» Extracted records
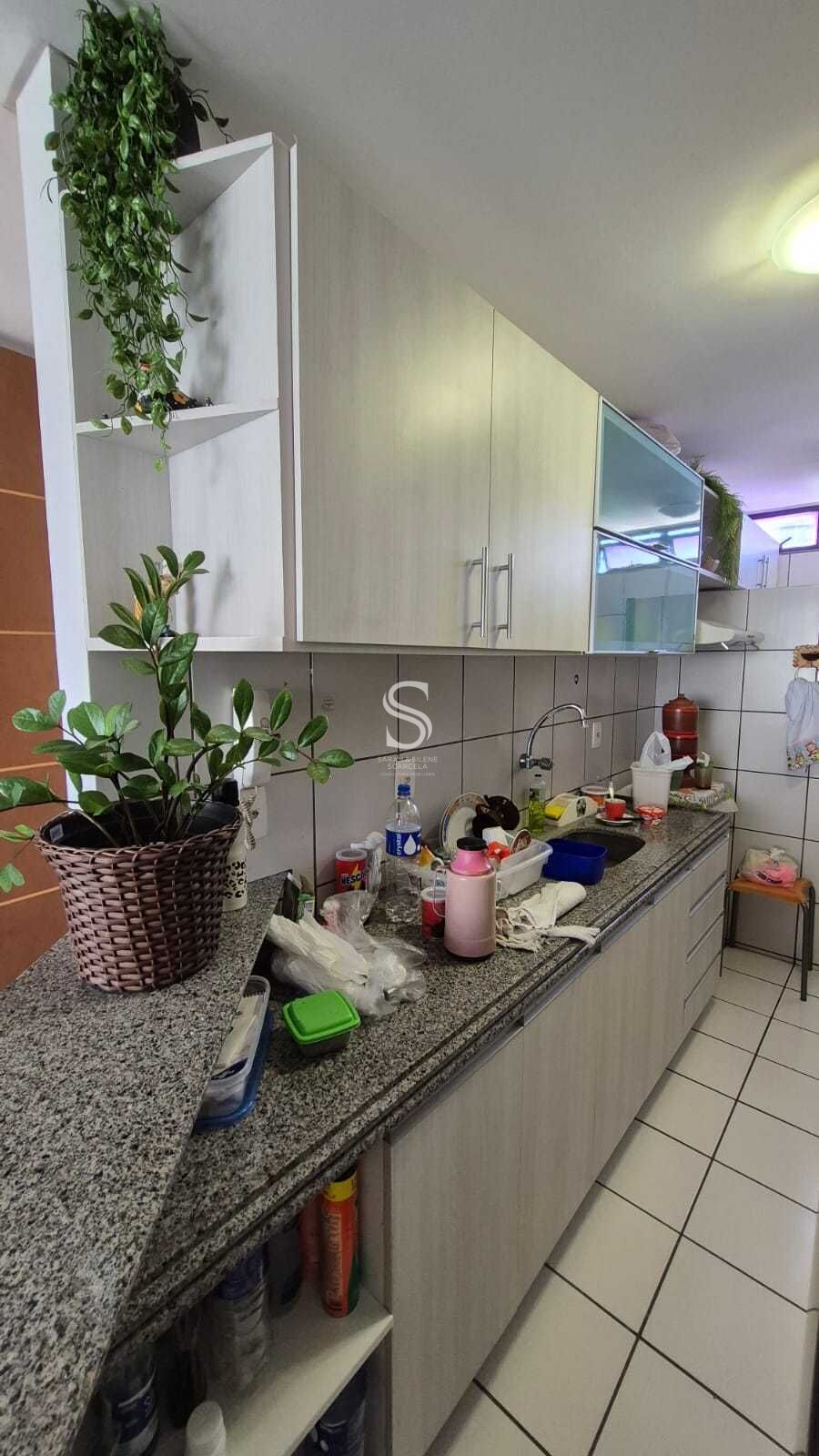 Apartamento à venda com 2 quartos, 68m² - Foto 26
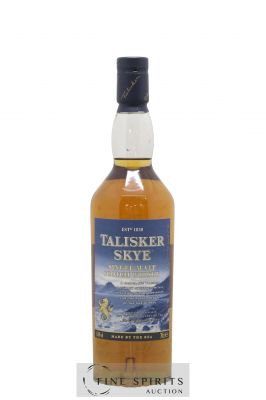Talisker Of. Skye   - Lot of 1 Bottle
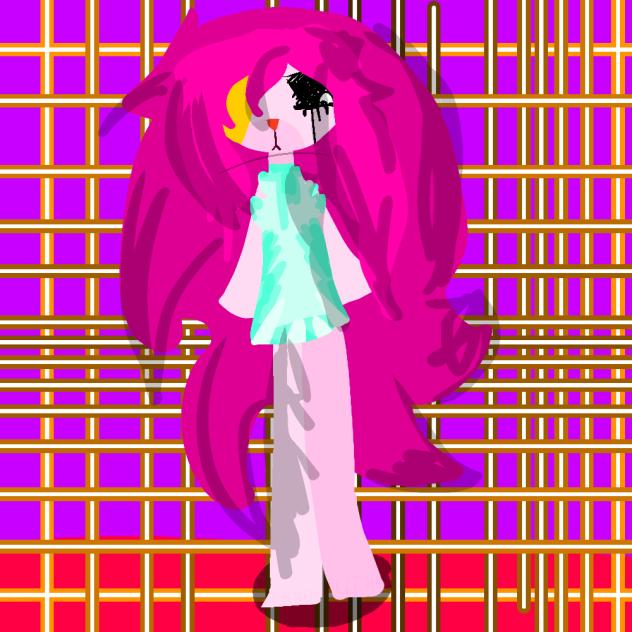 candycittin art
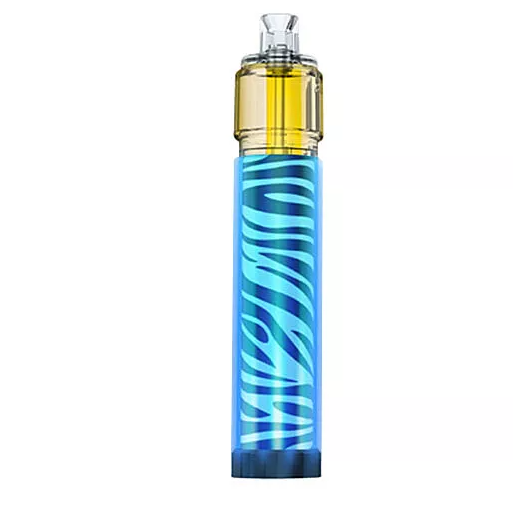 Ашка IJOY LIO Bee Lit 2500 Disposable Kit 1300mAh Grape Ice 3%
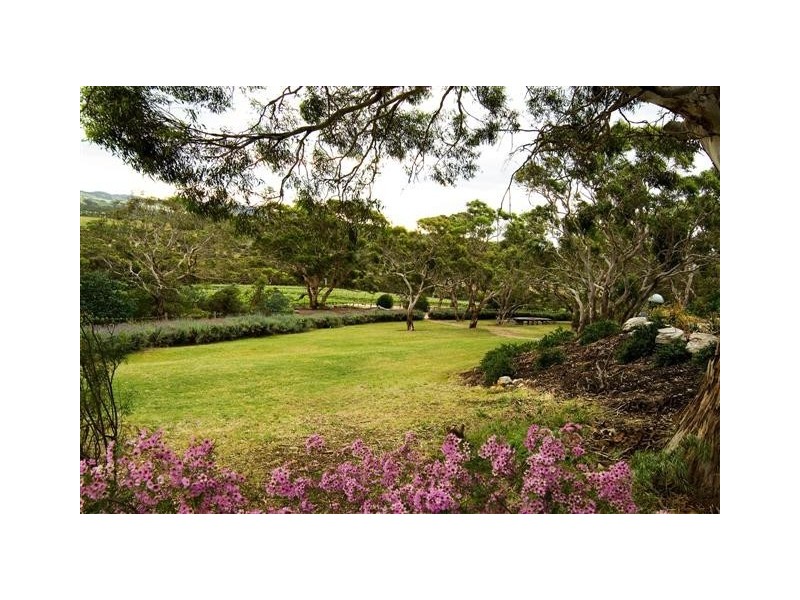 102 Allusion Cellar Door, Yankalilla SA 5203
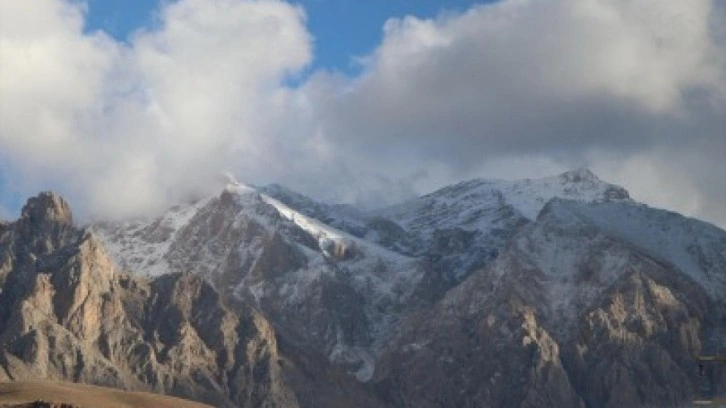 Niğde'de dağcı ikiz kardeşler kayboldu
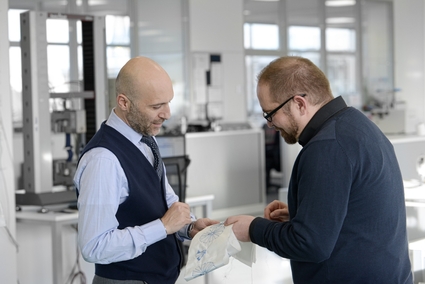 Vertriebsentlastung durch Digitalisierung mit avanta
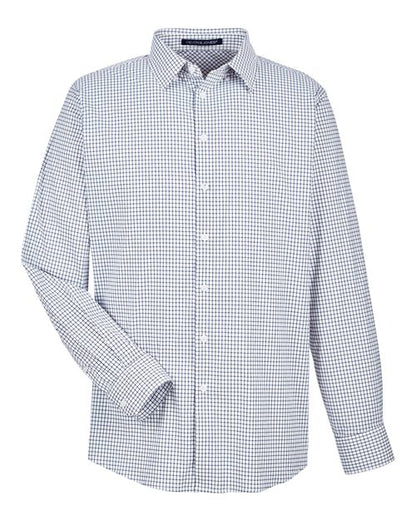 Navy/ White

» Exercise prompt
The copy you give must repeat each record character for character, but it must not include the pictures.

» Answer to this task
 Apartamento à venda com 2 quartos, 68m² - Foto 26
Talisker Of. Skye   - Lot of 1 Bottle
 candycittin art
 Ашка IJOY LIO Bee Lit 2500 Disposable Kit 1300mAh Grape Ice 3%
 102 Allusion Cellar Door, Yankalilla SA 5203
 Niğde'de dağcı ikiz kardeşler kayboldu
 Vertriebsentlastung durch Digitalisierung mit avanta
 Navy/ White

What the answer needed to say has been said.